• **Problem description**:
Would you set down the data that follows, word for word, without any pictures?

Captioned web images
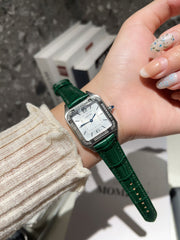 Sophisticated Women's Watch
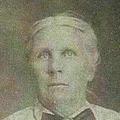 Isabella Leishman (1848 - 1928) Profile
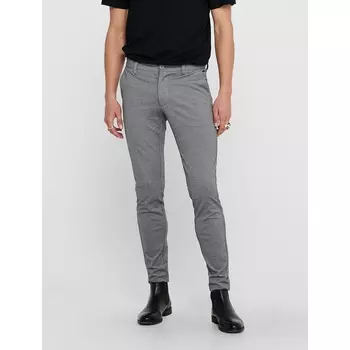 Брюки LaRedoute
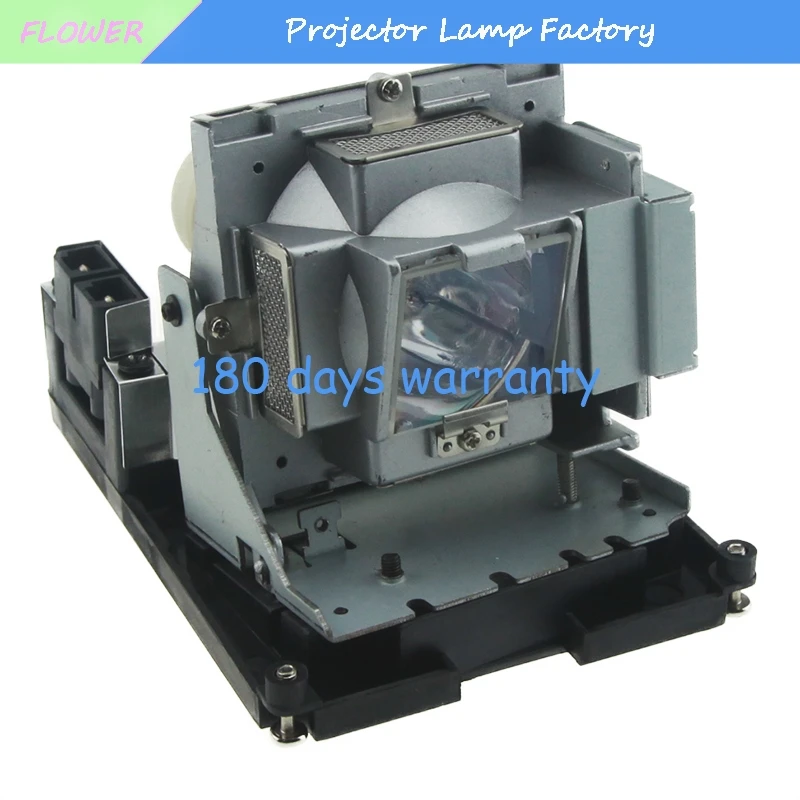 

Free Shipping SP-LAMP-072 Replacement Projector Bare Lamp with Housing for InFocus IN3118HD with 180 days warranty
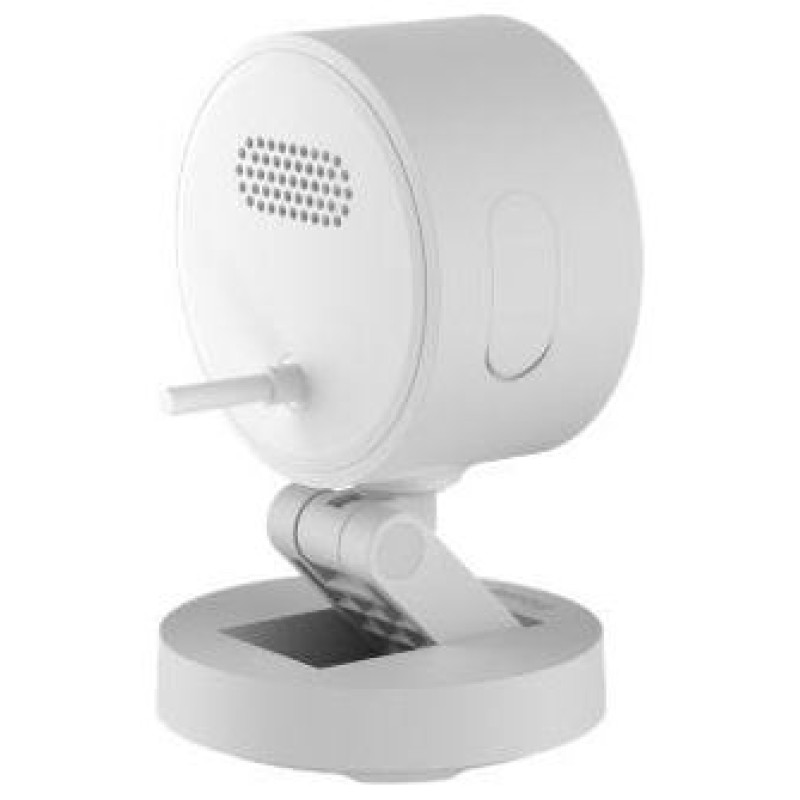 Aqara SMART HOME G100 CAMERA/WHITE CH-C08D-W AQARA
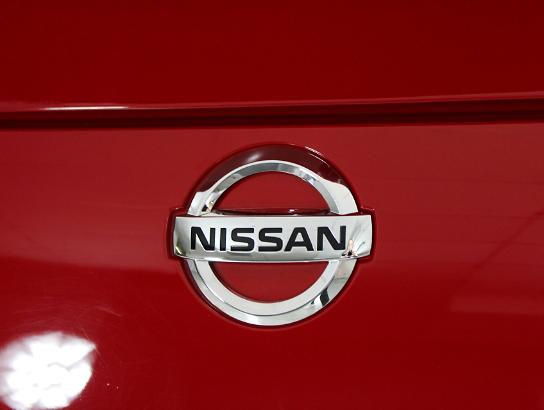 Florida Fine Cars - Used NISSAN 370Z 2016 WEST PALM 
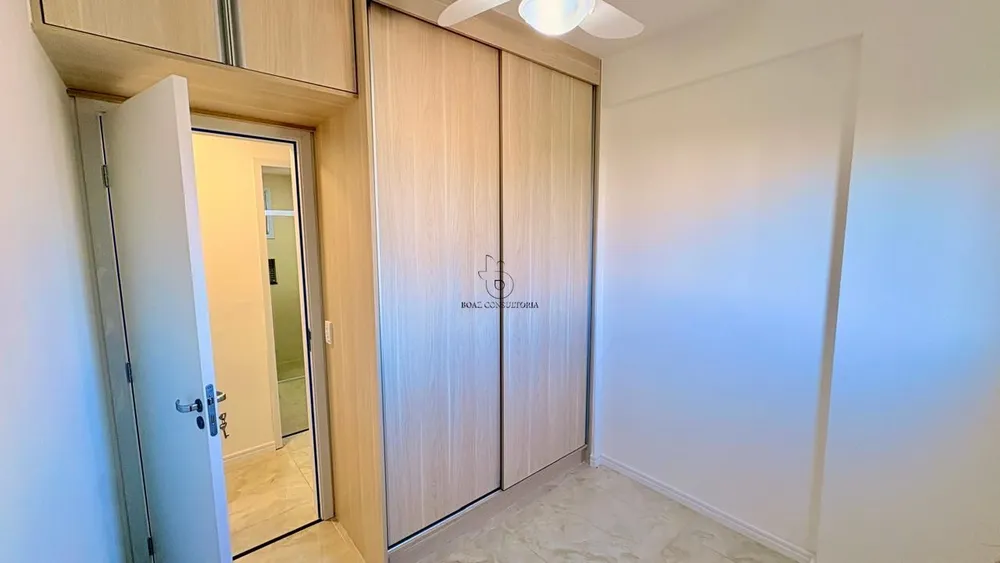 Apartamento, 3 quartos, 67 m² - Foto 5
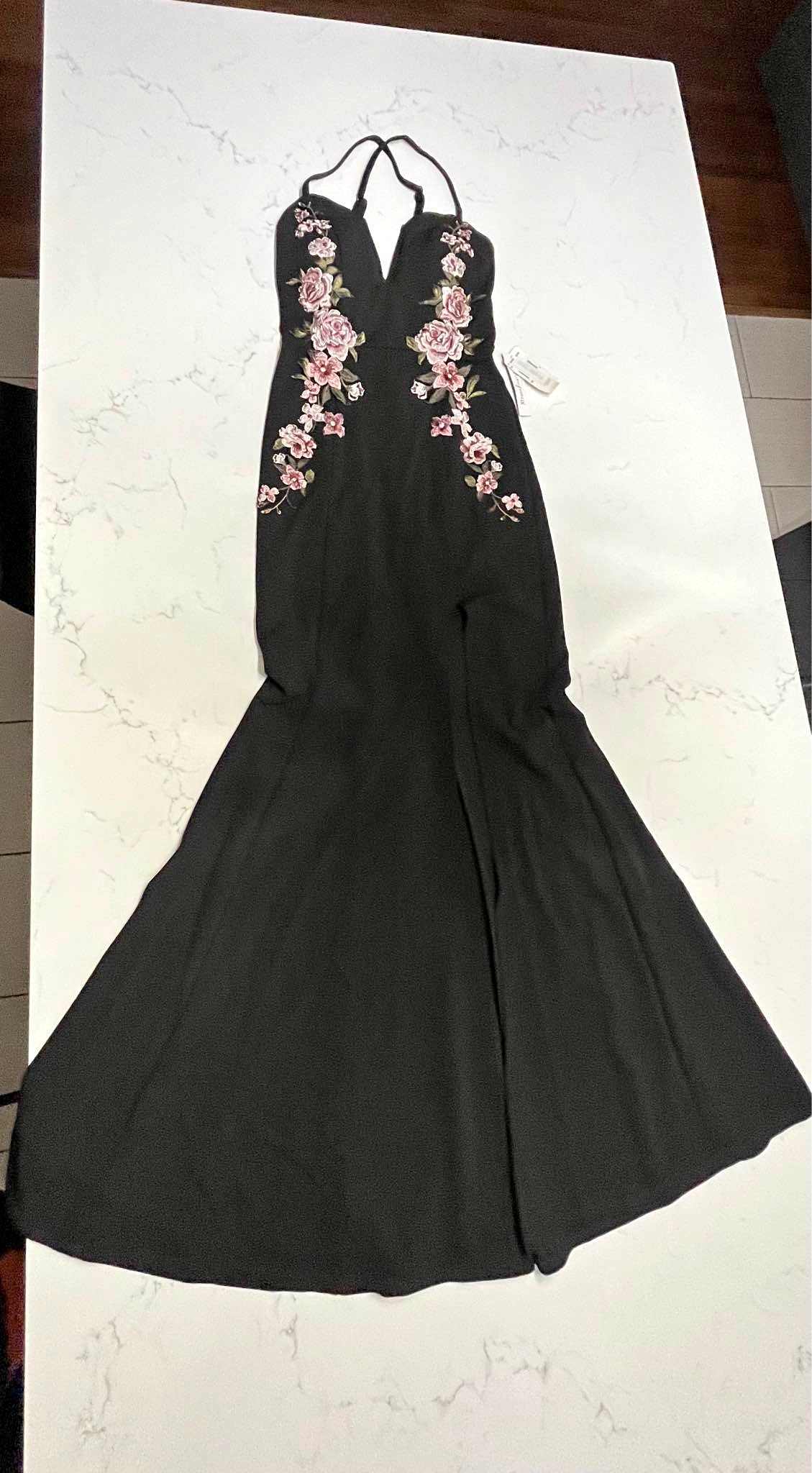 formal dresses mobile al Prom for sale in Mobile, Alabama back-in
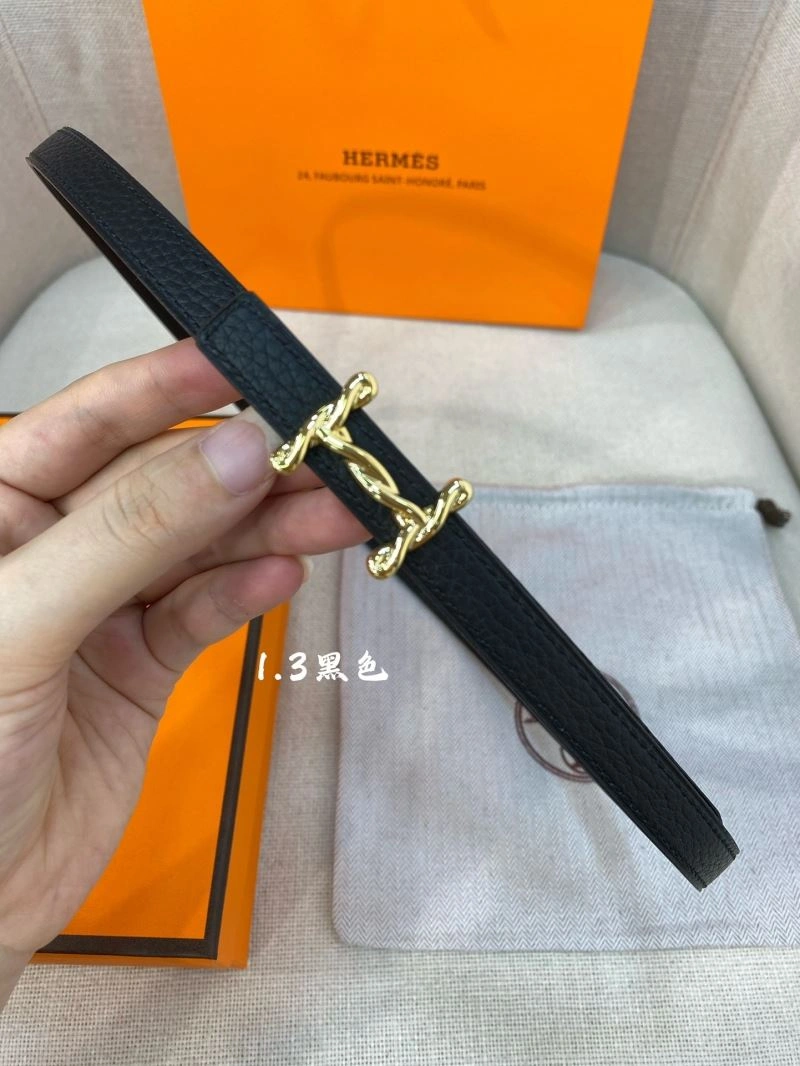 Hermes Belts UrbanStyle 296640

• **Answer section**:
 Sophisticated Women's Watch
 Isabella Leishman (1848 - 1928) Profile
 Брюки LaRedoute

Free Shipping SP-LAMP-072 Replacement Projector Bare Lamp with Housing for InFocus IN3118HD with 180 days warranty
 Aqara SMART HOME G100 CAMERA/WHITE CH-C08D-W AQARA
 Florida Fine Cars - Used NISSAN 370Z 2016 WEST PALM 
 Apartamento, 3 quartos, 67 m² - Foto 5
 formal dresses mobile al Prom for sale in Mobile, Alabama back-in
 Hermes Belts UrbanStyle 296640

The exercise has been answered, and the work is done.